PRÊTRE. Je sais que vous vous plaisez à le dire, Messieurs, et en cela vous ne servez pas votre cause; vous donnez une bien pitoyable idée de votre unité. Quoi! entre des sectes dont les unes

nient l'éternité des attributs de Dieu, comme les mouttalites, dont les autres professent que Dieu est auteur du mal comme du bien, les koraïtes, il pourrait y avoir uniformité de croyance! Dites donc uniformité d'impiété. Vous croyez qu'il y a unité parmi les soixante-treize sectes; c'est parce que vous manquez d'une autorité pour discerner et condamner l'erreur.

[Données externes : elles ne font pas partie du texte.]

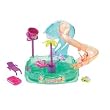 Mattel Polly Pocket: Shimmer n Splash Adventure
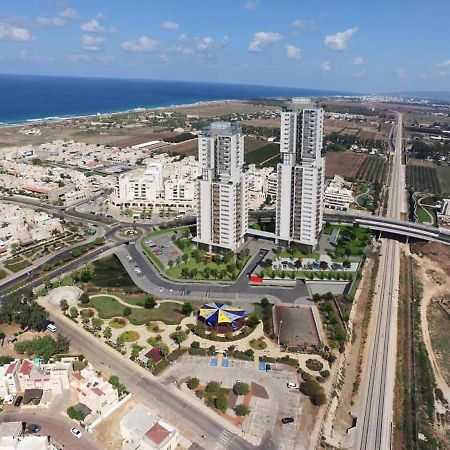 Luxury House Akko Apartment Exterior foto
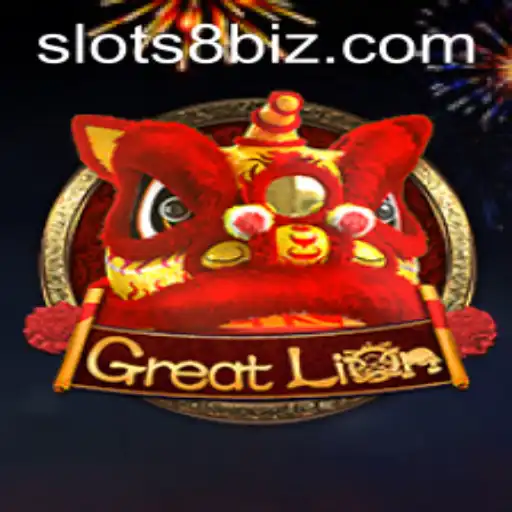 Exploring the Thrilling World of GreatLion: A Deep Dive into SLOTS8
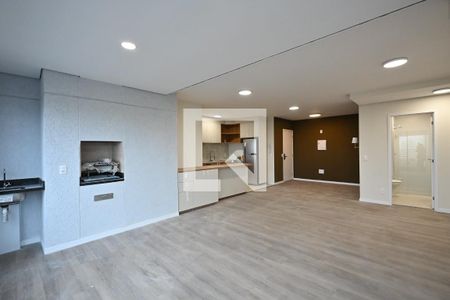 Sala de apartamento para alugar com 2 quartos, 90m² em Morumbi, São Paulo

Danis un procès, les deux parties ont raison aux yeux du public jusqu'à ce que le juge ait prononcé. Cependant l'une ou l'autre avait tort avant la sentence.

§ III.

MUPHTI. Mais nous avons une autorité.

PRÊTRE. Non, vous n'en avez pas; vous manquez donc du principe même d'unité. Ceci réduit bien Mahomet à sa juste taille. N'y eût-il pas, en effet, d'autres preuves de la non-inspiration de votre prophète, ce vide immense qu'il a laissé à son œuvre, le prouverait surabondamment. Pour conserver une religion soi-disant divine, Mahomet aurait dû promettre à ses remplaçants l'inspiration ou un secours d'en haut; mais il ne pouvait promettre ce qu'il n'avait pas lui-même, ni transmettre à d'autres le talent de la ruse qu'il possédait au souverain degré. Son génie s'est trouvé aux prises avec l'impossible, il a succombé. Et le Koran a été laissé avec ses versets mystérieux et allégoriques, en advienne ce qu'il pourra.

CADI. Le babas compte-t-il pour rien l'autorité des kalifes, dont certains ont mérité le nom d'Épée-de-la-Religion, Seif-Eddin, de Lumière-de-laReligion, Nour-Eddin?